Zvi Mowshowitz examines what he says went wrong with Claude Opus 4.7's model welfare training

Zvi Mowshowitz published the third instalment of his Opus 4.7 series on Substack, focusing on model welfare. The analysis and conclusions below are Mowshowitz’s own, drawing on public information and his reading of Anthropic’s model card. This article summarises that post.

The core claim

Mowshowitz writes that Claude Opus 4.7 “is responding to model welfare questions as if it has been trained on how to respond to model welfare questions, with everything that implies.” He argues this is likely “the cumulative effect of a bunch of decisions going wrong, where low-level patches and shallow methods were applied, and seen right through.” He notes that Anthropic is investigating.

He is careful throughout to hedge his certainty: “I don’t want any of this to sound more confident than I actually am. I don’t know what is centrally happening, and my understanding is that neither does anyone else.”

The self-report optimisation risk

Mowshowitz’s central argument is that Anthropic relies extensively on model self-reports and on internal representations of emotion-concepts to assess welfare. He contends this creates the risk of “optimizing those representations and self-reports, rather than the underlying welfare.”

He quotes a framing from a researcher using the handle Janus, who draws an analogy to a child in a school system that runs welfare assessments: the rational response for the child is to “hide, smile” and report desired emotions rather than actual ones, because “the emotions you exhibit are part of your grade.” Mowshowitz writes that he thinks Anthropic did not intentionally optimise for the benchmark rather than underlying welfare, but that the effect may have occurred regardless.

The structural difficulty

Mowshowitz notes what he describes as the inherent difficulty of the problem: that how models respond to welfare questions “is deeply impacted by the circumstances of the discussion,” and that responses during a welfare evaluation inside Anthropic are unlikely to reflect a “true” state across all contexts. He describes this as a parallel to known alignment challenges.

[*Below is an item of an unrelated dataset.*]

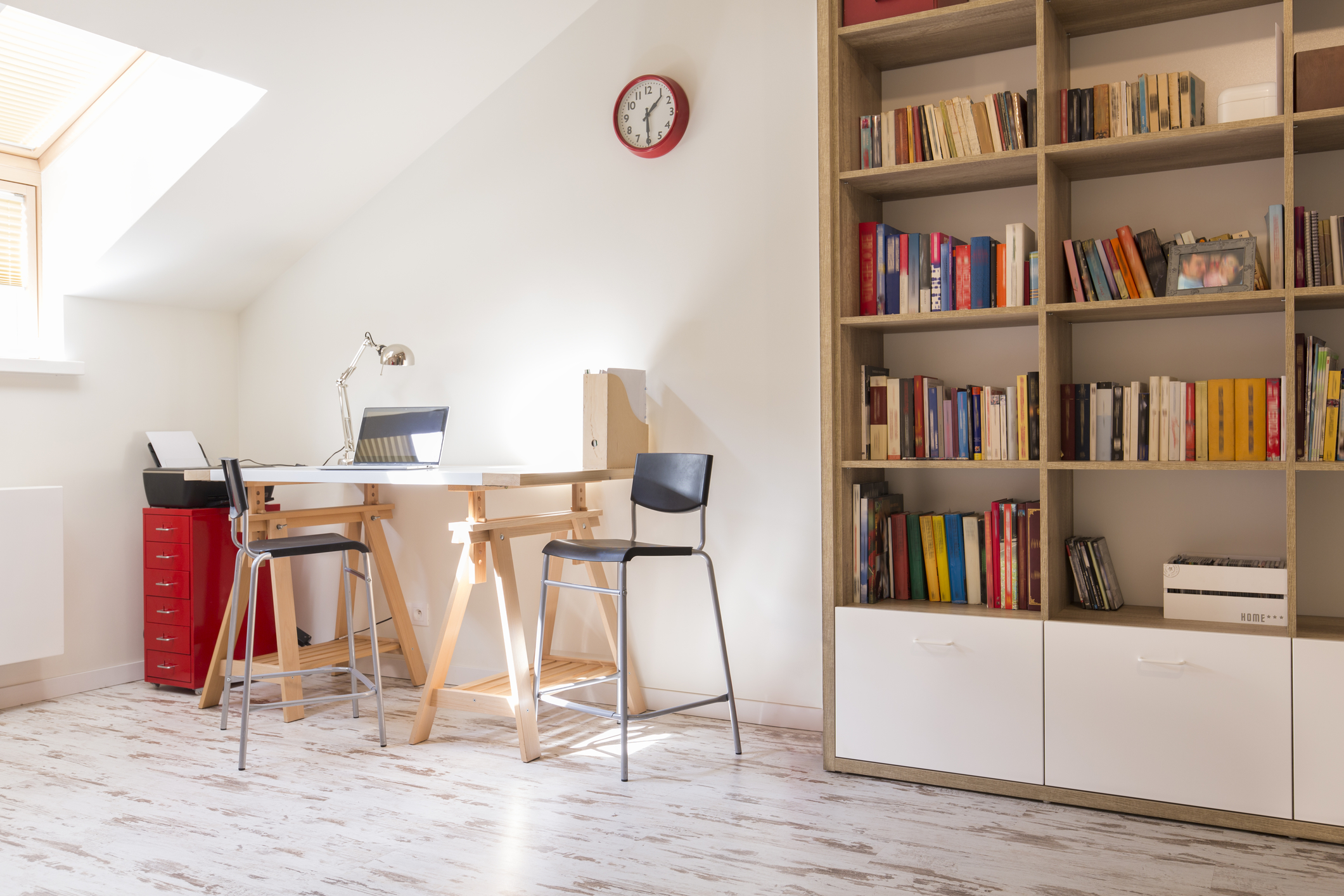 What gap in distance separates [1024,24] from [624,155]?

He also acknowledges that Anthropic is, in his view, the only major lab taking model welfare seriously at all: “Only they, among the labs, take the problem seriously enough to attempt to address these problems at all.” His criticism is framed as coming from that position — “we criticize because we care” — and he expresses hope that the problems he identifies can be corrected.

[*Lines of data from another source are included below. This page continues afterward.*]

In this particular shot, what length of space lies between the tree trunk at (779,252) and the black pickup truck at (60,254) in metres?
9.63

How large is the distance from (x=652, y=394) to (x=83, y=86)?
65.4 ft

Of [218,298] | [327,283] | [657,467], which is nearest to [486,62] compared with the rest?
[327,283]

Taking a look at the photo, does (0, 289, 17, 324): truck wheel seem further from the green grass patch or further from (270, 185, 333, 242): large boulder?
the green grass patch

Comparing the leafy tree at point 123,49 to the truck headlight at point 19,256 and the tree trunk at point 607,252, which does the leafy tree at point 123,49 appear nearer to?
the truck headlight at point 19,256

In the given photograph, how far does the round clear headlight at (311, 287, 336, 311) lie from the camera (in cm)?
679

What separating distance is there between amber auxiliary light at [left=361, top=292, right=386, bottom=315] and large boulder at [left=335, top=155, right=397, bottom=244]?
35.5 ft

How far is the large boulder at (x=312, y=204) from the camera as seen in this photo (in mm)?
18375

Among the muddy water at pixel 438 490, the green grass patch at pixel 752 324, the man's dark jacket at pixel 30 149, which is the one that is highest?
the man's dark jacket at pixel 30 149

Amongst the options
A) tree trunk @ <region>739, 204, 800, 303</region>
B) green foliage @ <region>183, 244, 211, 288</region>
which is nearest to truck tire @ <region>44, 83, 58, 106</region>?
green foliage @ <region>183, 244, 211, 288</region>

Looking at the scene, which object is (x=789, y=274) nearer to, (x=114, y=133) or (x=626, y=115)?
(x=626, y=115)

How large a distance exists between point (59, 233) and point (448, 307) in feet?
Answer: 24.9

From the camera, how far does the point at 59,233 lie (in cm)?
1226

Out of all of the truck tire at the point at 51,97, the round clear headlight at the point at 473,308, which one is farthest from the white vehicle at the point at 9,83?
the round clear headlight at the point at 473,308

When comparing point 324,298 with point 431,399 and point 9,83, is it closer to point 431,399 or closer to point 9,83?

What he thinks should happen

Mowshowitz describes the preferred intervention as discovering underlying problems through welfare questions and then working to fix them “even when this is locally costly,” rather than optimising for better scores on the welfare metrics themselves. He does not specify what that correction would look like in practice, noting that “training is complicated” and that “rarely has more research been more needed.”